Moroccan Chicken Tagine with Dried Apricots


Moroccan Chicken Tagine with Dried Apricots-Recipe


Servings: 4-6 people  

Preparation Time: 20 minutes  

Cooking Time: 1 hour  


Ingredients

  •  1 kg (2.2 lbs) chicken thighs or legs, bone-in, skin-on  
  • Salt and freshly ground black pepper, to taste  
  • 3 tablespoons olive oil  
  • 2 large onions, thinly sliced  
  • 4 garlic cloves, minced  
  • 1 tablespoon fresh ginger, grated  
  • 1 teaspoon ground cumin  
  • 1 teaspoon ground coriander  
  • 1 teaspoon turmeric  
  • 1/2 teaspoon ground cinnamon  
  • 1/4 teaspoon ground saffron threads (optional) or a pinch of ground paprika  
  • 1/2 teaspoon ground cayenne pepper (adjust to taste)  
  • 1/2 cup all-purpose flour (for dusting chicken)  
  • 1 can (400 ml) chickpeas, drained and rinsed  
  • 200 g (7 oz) dried apricots, halved  
  • 1 cup chicken broth  
  • 1/2 cup water  
  • Zest and juice of 1 lemon  
  • 1/4 cup honey or date syrup (optional, for added sweetness)  
  • Fresh cilantro or parsley, chopped (for garnish)  
  •  Preserved lemons, thinly sliced (optional, for garnish)  


Instructions

 1. Prepare the Chicken

   - Season the chicken pieces generously with salt and pepper.
   - Dust the chicken lightly with flour, shaking off any excess.
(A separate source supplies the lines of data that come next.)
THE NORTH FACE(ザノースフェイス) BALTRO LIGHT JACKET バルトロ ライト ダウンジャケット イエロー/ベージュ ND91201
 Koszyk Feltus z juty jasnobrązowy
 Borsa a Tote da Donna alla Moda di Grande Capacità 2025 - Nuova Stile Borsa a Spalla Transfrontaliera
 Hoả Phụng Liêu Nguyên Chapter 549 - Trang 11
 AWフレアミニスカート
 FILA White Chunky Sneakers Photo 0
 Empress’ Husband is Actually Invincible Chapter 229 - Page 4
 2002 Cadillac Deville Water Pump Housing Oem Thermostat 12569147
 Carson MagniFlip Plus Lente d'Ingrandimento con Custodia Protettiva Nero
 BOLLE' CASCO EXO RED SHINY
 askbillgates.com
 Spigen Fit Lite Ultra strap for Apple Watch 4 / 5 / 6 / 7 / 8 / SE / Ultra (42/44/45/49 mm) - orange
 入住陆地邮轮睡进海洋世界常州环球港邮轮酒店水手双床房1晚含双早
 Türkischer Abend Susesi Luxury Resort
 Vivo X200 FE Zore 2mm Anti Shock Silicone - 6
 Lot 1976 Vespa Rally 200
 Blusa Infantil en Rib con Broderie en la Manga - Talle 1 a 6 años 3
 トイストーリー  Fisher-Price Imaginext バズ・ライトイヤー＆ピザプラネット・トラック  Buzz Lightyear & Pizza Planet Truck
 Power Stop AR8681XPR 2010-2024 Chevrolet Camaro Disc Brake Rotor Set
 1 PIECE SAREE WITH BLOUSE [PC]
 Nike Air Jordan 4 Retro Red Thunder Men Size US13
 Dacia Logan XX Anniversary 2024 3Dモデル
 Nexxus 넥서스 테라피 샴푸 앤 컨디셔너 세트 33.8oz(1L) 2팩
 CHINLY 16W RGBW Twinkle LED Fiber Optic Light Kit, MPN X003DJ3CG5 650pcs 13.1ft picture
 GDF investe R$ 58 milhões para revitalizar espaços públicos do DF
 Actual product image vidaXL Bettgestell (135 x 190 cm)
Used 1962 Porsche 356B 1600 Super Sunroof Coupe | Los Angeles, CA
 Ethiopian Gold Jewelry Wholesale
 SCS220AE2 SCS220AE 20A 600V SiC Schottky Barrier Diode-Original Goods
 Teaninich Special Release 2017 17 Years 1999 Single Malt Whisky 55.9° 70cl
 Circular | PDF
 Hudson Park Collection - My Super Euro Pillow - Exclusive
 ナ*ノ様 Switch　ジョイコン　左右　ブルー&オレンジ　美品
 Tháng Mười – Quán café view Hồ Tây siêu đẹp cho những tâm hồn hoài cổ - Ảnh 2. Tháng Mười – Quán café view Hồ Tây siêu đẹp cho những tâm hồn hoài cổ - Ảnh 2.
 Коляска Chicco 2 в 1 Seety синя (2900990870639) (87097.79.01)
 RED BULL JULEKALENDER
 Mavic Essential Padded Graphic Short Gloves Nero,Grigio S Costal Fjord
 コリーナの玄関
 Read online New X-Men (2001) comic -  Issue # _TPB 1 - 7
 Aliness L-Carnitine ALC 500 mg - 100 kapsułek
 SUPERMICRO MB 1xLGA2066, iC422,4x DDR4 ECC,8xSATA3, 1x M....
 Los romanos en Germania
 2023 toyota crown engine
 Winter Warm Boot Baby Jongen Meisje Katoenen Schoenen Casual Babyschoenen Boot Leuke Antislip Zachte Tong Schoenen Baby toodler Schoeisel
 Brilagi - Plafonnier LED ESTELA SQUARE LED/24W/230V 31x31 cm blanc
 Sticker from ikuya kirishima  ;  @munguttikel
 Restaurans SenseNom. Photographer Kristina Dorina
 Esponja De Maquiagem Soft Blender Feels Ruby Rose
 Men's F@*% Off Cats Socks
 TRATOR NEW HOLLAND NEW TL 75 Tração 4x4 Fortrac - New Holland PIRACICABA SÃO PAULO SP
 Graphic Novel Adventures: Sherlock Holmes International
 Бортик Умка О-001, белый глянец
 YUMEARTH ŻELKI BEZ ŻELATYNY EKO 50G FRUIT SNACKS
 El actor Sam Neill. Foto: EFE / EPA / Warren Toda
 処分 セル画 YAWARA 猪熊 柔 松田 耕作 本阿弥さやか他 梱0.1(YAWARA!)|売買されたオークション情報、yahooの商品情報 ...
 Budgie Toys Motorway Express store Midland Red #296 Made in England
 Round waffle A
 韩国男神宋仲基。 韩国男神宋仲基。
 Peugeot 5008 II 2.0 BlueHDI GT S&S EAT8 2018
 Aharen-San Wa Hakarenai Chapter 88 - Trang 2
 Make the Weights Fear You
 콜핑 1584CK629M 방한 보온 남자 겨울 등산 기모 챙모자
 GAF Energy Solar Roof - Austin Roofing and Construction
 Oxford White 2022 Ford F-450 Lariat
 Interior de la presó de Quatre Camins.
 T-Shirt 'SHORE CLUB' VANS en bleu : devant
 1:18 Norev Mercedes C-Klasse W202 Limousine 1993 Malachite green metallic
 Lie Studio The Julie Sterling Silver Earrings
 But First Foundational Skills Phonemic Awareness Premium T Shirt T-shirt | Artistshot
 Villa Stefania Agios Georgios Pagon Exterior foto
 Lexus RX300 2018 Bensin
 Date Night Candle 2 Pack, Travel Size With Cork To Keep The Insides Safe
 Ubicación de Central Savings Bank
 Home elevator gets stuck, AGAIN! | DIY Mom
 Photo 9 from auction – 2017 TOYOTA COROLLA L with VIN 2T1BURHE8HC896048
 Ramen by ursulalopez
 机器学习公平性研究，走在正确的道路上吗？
This will help create a nice crust when seared.

 2. Sear the Chicken

   - Heat 2 tablespoons of olive oil in a large tagine pot or heavy-bottomed pan over medium-high heat.
   - Add the chicken pieces skin-side down and sear until golden brown, about 5 minutes per side. Remove the chicken from the pan and set aside.

 3. Sauté the Aromatics

   - In the same pot, add the remaining 1 tablespoon of olive oil.
   - Add the sliced onions and cook until softened and lightly caramelized, about 8-10 minutes.
   - Stir in the garlic, ginger, cumin, coriander, turmeric, cinnamon, saffron (if using), and cayenne pepper. Cook for 1-2 minutes until fragrant.

 4. Build the Tagine

   - Return the chicken to the pot, arranging it in a single layer.
   - Pour in the chicken broth and water, ensuring the liquid comes about halfway up the chicken pieces.
   - Add the chickpeas, dried apricots, lemon zest, and lemon juice. Stir gently to combine.

 5. Simmer the Tagine

   - Bring the mixture to a simmer, then reduce the heat to low. Cover the pot and let it cook gently for 45-60 minutes, or until the chicken is tender and the sauce has thickened slightly.
   - If the sauce becomes too thick, you can add a little more water as needed.

 6. Sweeten and Finish

   - Stir in the honey or date syrup during the last 10 minutes of cooking to balance the flavors.
   - Taste and adjust seasoning with additional salt, pepper, or lemon juice if necessary.

 7. Serve

   - Garnish with chopped fresh cilantro or parsley and slices of preserved lemon (if using).
   - Serve the tagine hot with steamed couscous, fluffy rice, or warm bread for soaking up the flavorful sauce.




 Tips for Success

  •  Use a Traditional Tagine Pot: If you have a clay tagine pot, use it for authentic results. Otherwise, a heavy-bottomed pot with a tight-fitting lid works well.
  •  Adjust Spices: Feel free to adjust the spice levels based on your preference. For a milder version, omit the cayenne pepper.
  •  Preserved Lemons: These are a classic ingredient in Moroccan cuisine. If unavailable, substitute with regular lemon juice and zest.